Kretschmann legt sich nicht fest

In Brüssel informiert sich der Ministerpräsident über Ceta. Mit einer Positionierung wartet er.

20.10.2016
  • ROLAND MUSCHEL

Brüssel. Die baden-württembergische Landesregierung sei in ihrer Entscheidung über das EU-Kanada-Handelsabkommen CETA natürlich frei, sagt EU-Kommissar Günther Oettinger (CDU). Aber dass 27 europäische Regierungen die Zustimmung empfehlen, sei doch „ein guter Ratschlag für die Landespolitik“, fährt Oettinger, von 2005 bis 2010 Regierungschef in Stuttgart, fort. Zumal der deutsche Südwesten als Exportregion Nummer Eins besonders davon profitieren könne.
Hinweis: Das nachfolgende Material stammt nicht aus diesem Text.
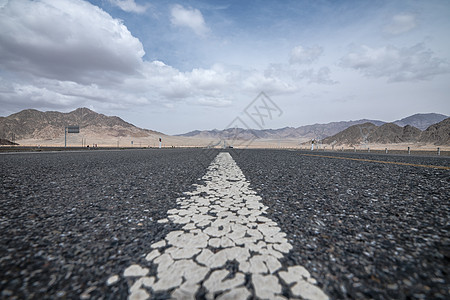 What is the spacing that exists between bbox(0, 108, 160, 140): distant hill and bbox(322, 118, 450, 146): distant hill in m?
113

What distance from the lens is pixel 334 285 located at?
66.5 inches

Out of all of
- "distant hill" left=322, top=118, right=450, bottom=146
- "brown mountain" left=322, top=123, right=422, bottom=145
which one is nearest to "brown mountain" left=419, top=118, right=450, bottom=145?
"distant hill" left=322, top=118, right=450, bottom=146

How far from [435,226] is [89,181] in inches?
318

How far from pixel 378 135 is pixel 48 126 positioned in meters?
168

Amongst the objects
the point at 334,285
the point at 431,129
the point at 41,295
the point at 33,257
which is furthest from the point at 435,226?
the point at 431,129

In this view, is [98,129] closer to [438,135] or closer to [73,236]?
[73,236]

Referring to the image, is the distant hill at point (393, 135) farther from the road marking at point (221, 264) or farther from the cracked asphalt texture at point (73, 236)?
the cracked asphalt texture at point (73, 236)

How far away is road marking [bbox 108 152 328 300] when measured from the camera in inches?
64.0

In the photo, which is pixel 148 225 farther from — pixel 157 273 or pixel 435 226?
pixel 435 226

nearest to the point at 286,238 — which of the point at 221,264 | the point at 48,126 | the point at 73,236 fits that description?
the point at 221,264

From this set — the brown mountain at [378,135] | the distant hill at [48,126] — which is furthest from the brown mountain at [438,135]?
the distant hill at [48,126]

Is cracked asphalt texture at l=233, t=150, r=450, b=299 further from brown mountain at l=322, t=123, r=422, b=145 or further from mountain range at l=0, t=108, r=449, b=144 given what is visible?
brown mountain at l=322, t=123, r=422, b=145

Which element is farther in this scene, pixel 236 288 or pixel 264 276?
pixel 264 276

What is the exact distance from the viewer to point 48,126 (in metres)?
112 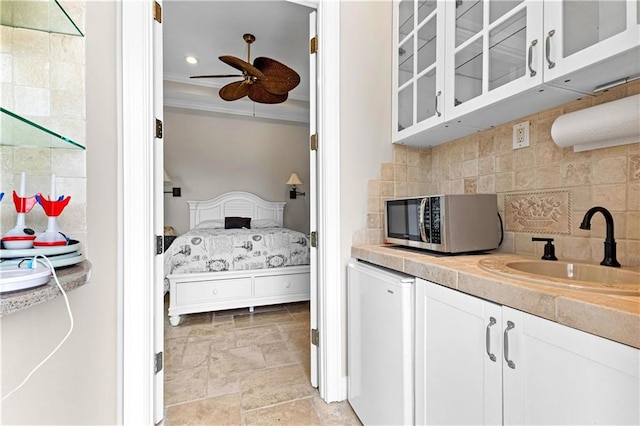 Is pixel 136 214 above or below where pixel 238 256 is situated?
above

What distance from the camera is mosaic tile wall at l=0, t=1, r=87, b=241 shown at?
2.87ft

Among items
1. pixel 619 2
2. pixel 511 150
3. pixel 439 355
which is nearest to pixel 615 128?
pixel 619 2

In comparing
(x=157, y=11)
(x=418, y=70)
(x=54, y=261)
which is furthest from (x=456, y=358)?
(x=157, y=11)

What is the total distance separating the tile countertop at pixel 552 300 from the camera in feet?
1.67

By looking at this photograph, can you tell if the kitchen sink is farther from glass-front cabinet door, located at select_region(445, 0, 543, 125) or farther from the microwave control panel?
glass-front cabinet door, located at select_region(445, 0, 543, 125)

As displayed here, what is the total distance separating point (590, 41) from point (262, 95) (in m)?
2.86

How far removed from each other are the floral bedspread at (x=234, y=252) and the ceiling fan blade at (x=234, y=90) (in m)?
1.59

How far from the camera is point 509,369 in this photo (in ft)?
2.33

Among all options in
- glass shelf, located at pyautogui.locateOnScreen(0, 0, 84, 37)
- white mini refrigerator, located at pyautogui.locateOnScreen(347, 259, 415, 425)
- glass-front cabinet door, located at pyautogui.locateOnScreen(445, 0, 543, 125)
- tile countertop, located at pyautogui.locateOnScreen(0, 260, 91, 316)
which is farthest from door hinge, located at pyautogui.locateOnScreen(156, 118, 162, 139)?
glass-front cabinet door, located at pyautogui.locateOnScreen(445, 0, 543, 125)

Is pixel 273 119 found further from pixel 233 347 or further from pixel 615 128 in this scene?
pixel 615 128

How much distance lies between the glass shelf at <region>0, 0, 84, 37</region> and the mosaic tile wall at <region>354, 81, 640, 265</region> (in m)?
1.51

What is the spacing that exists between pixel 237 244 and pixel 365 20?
2.34m

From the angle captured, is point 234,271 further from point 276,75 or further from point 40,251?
point 40,251

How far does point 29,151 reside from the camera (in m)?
0.96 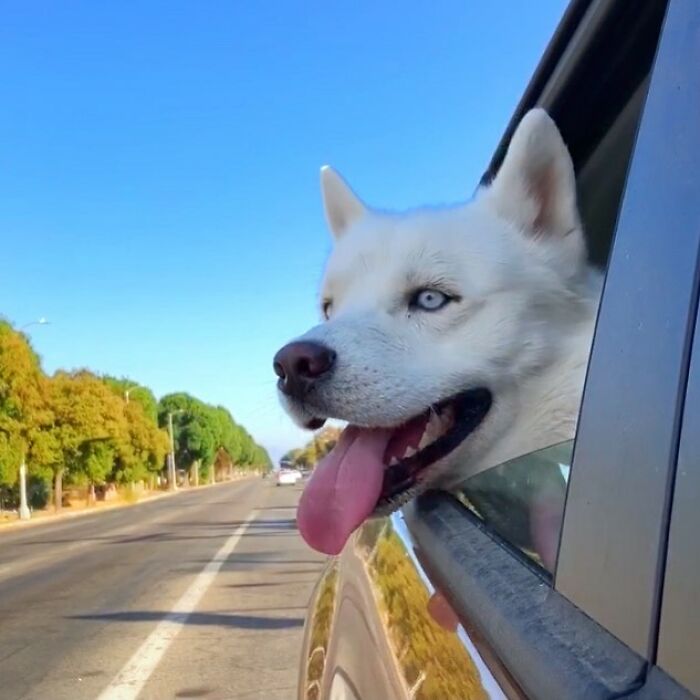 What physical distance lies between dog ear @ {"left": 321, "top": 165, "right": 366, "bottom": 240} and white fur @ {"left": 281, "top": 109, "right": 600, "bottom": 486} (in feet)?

Nach-Nachfolger Winfried Kretschmann nimmt den Hinweis zur Kenntnis. Mitten in den vielleicht entscheidenden Verhandlungen informiert sich der Ministerpräsident in Brüssel über Ceta, spricht mit drei Kommissaren, mit Abgeordneten, Experten, dem EU-Parlamentspräsidenten Martin Schulz. Am Vortag hatten die EU-Mitgliedstaaten die Verabschiedung des EU-Kanada-Handelsabkommens vertagt. Beim Gipfeltreffen der europäischen Staats- und Regierungschefs an diesem Donnerstag und Freitag soll nach einer Lösung gesucht werden. Dass Wallonien den Prozess möglicherweise blockiere, dürfe „ja wohl nicht wahr sein“, schimpft Oettinger. „Bald wird noch der Kirchengemeinderat von Biberach über CETA entscheiden wollen.“

Kretschmann wird sich irgendwann entscheiden müssen; neben dem Bundestag muss auch der Bundesrat sein Okay geben. Die Debatte in Deutschland sei bisher „viel zu holzschnittartig“ verlaufen, sagt er. Die von den Gegnern an die Wand gemalte Gefahr, dass die Demokratie durch das Abkommen geschleift werde sei genauso übertrieben wie die Wachstumsversprechen der Befürworter. „Es geht auch um die Frage: ist Europa handlungsfähig.“

„Wir machen erst mal gar nichts“

Kretschmann klingt, als sympathisiere er, zumindest aus grundsätzlichen Erwägungen, mit einem Ja. Im Koalitionsvertrag mit der CDU steht ein konditioniertes Ja, der Regierungspartner in Stuttgart dringt auf eine klare Positionierung. Das Land stehe unter keinem Handlungsdruck, sagte Kretschmann. „Wir machen erst einmal gar nichts. Wir warten erst einmal die europäischen Prozesse ab.“ Es gebe gute Argumente für Ceta, aber auch gute dagegen.

Der Ministerpräsident weiß, dass sich seine Bundespartei sehr klar gegen Ceta positioniert hat, auch in seiner Landtagsfraktion hat er „sehr starke Ablehnungstendenzen“ wahrgenommen. Im Bundesrat müssten vier von Grünen mitregierte Länder für Ceta stimmen, damit eine Mehrheit zustandekommt. Kretschmann wird sich gut überlegen, wann und wie er sich positioniert. Noch reicht es aus, die gesammelten Argumente abzuwägen.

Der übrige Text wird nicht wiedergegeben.